When David Montgomery went down with a knee injury in Week 4, it was a major blow to a Chicago Bears franchise that has had only one winning season since 2013. Without Montgomery, there was concern the team would take a major step back. Instead, they have found a new hero in backup running back Khalil Herbert. Now, fantasy football managers are facing questions. When might Montgomery return to the field, and will he be restored as the Bears’ unquestionable bell cow?
What is David Montgomery’s Injury Outlook?
Montgomery injured his knee in Week 4. At first, some feared it was a torn ACL. Instead, it turned out to be a sprain. The original prognosis offered a 4-5 week recovery period. That would have put him back in uniform as early as today. Clearly, that did not happen. Next week, Chicago travels to Pittsburgh before heading on a Week 10 bye.
As my colleague Jason Katz pointed out a few weeks ago, “we can reasonably project [Chicago] to hold Montgomery out through then to give him that extra week of rest and have him ready to go in Week 11.” With Herbert stepping up in Montgomery’s absence, Katz’s original outlook holds up well.
The Bears have a brutal post-bye schedule that includes the Ravens, Cardinals, Packers, and Vikings (twice), not to mention a likely Russell Wilson-led Seahawks squad.
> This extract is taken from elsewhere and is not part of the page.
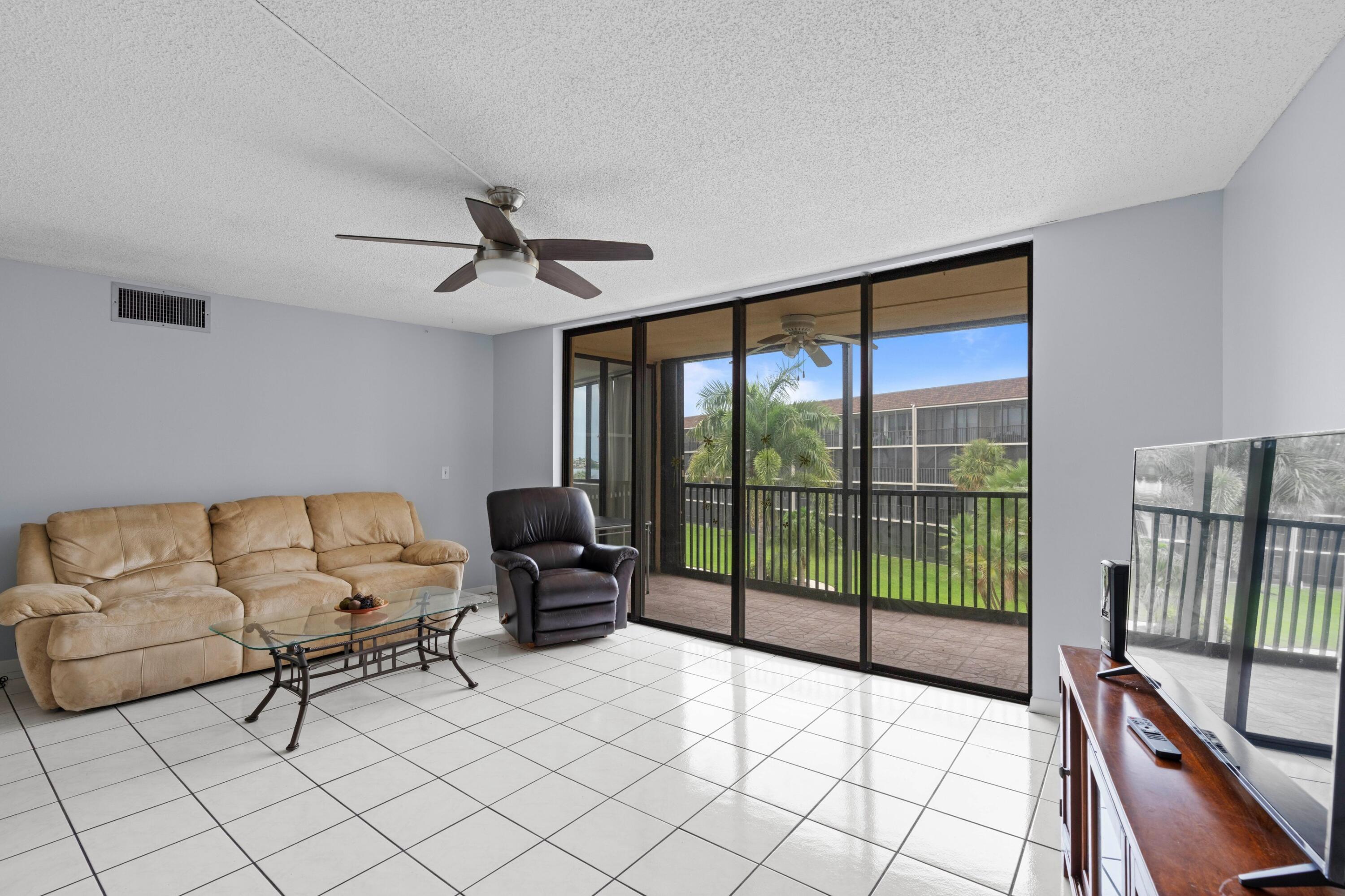 2424 N Federal Highway 305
Their best shot at the postseason entails having Montgomery healthy and active.
What is David Montgomery’s Fantasy Outlook?
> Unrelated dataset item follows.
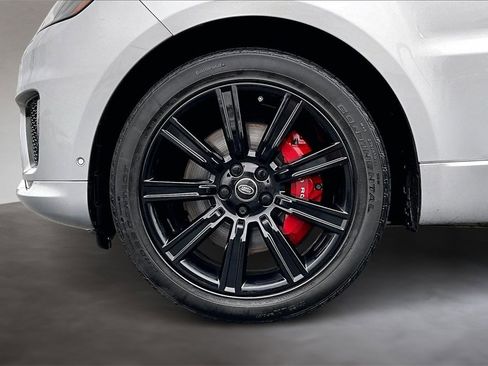 Used 2020 Land Rover Range Rover Sport HST image 9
Montgomery’s fantasy value continues to grow murkier. On one hand, Herbert won’t displace him atop the depth chart. That’s simply not in the cards — unless Montgomery’s injury somehow lingers and hampers him. But there should be some concern among fantasy managers that Montgomery won’t enjoy the 18-20 touches per game we’ve grown accustomed to.
In fact, the biggest concern was highlighted before his injury, as Montgomery caught only 6 balls on a mere 9 targets in his first four games. That was a far cry from last year’s 54 catches on 68 targets in 15 games. Damien Williams (8 receptions on 10 targets through Week 4) could be blamed for cutting into Montgomery’s aerial usage. Montgomery benefited last year when the reception-friendly Tarik Cohen missed most of the season. In hindsight, it’s easy to see why Williams cut into Montgomery’s ceiling.
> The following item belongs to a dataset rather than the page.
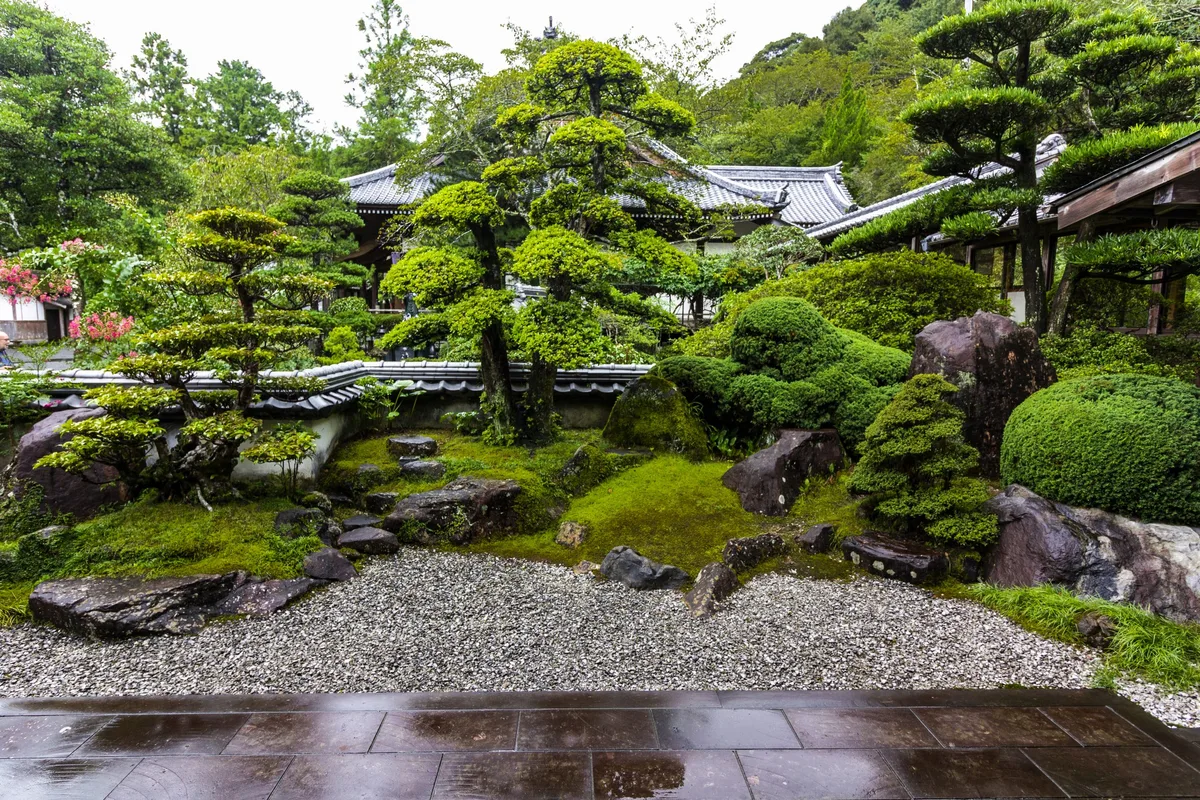 Enkoji is a Shingon Buddhist temple, famous for its pond garden and stone garden Japanese garden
Now, with Herbert clearly taking over as the Bears’ short-term bell cow, we should assume it’s Herbert – not Williams — who will inherit a complementary role when Montgomery returns. The biggest question, then, is whether Herbert will earn a bigger usage share than Williams did earlier this season. The rookie has looked the part, and it’s hard to imagine Chicago giving him only a few touches a game.
If you’ve been rostering Montgomery all this time, there’s no choice but to wait and hope he gets his bell-cow job back — not 14-16 touches, but 20+, including 2-3 receptions per game. Because that’s often the difference between an RB2 and an RB1.